Segment Start: Exercise materials

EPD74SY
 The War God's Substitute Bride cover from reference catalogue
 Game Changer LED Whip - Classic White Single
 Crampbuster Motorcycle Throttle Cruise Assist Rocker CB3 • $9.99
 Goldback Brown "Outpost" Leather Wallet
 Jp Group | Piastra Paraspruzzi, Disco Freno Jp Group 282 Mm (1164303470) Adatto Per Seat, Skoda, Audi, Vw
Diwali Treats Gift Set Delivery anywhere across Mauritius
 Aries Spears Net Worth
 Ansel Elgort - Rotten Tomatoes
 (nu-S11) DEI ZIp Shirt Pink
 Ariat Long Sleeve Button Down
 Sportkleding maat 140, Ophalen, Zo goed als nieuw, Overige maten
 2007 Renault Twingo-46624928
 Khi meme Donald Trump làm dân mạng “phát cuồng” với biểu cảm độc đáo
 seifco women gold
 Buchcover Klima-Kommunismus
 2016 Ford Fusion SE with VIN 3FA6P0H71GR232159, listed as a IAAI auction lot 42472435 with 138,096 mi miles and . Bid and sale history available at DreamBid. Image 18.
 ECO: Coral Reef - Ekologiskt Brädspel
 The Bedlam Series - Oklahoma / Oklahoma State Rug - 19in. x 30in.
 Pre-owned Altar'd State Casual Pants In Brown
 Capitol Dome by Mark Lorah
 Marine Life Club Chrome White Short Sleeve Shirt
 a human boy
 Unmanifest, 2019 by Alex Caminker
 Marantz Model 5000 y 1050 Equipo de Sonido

Segment End: Exercise materials

### Work required
Only the lines from the one that holds "Pre-owned Altar'd State" through the end of the records should appear in the answer, each restated exactly.

### Response
 Pre-owned Altar'd State Casual Pants In Brown
 Capitol Dome by Mark Lorah
 Marine Life Club Chrome White Short Sleeve Shirt
 a human boy
 Unmanifest, 2019 by Alex Caminker
 Marantz Model 5000 y 1050 Equipo de Sonido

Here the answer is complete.